Without any of the pictures, set down the data below exactly.

^^^^^^^^^^^^^^^^

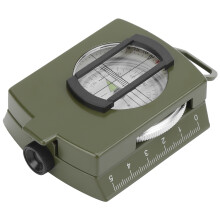 DC60‑2A Aluminium Alloy Foldable Compass Army Green, Multi-Function, 9x7x3cm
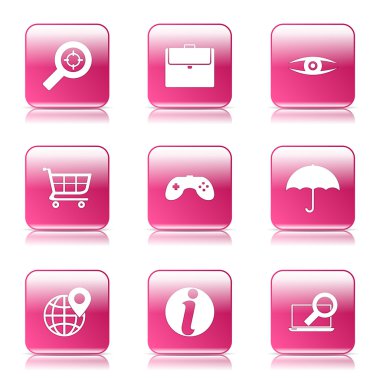 SEO internet işareti Icon set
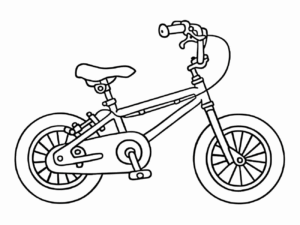 Desenho de Bicicleta Desenho Colorir Imprimir 19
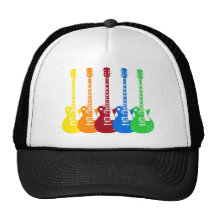 Five Colourful Electric Guitars Trucker Hats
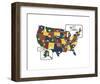 USA Map-Katelyn Lynch-Framed Art Print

^^^^^^^^^^^^^^^^

Written solution:
 DC60‑2A Aluminium Alloy Foldable Compass Army Green, Multi-Function, 9x7x3cm
 SEO internet işareti Icon set
 Desenho de Bicicleta Desenho Colorir Imprimir 19
 Five Colourful Electric Guitars Trucker Hats
 USA Map-Katelyn Lynch-Framed Art Print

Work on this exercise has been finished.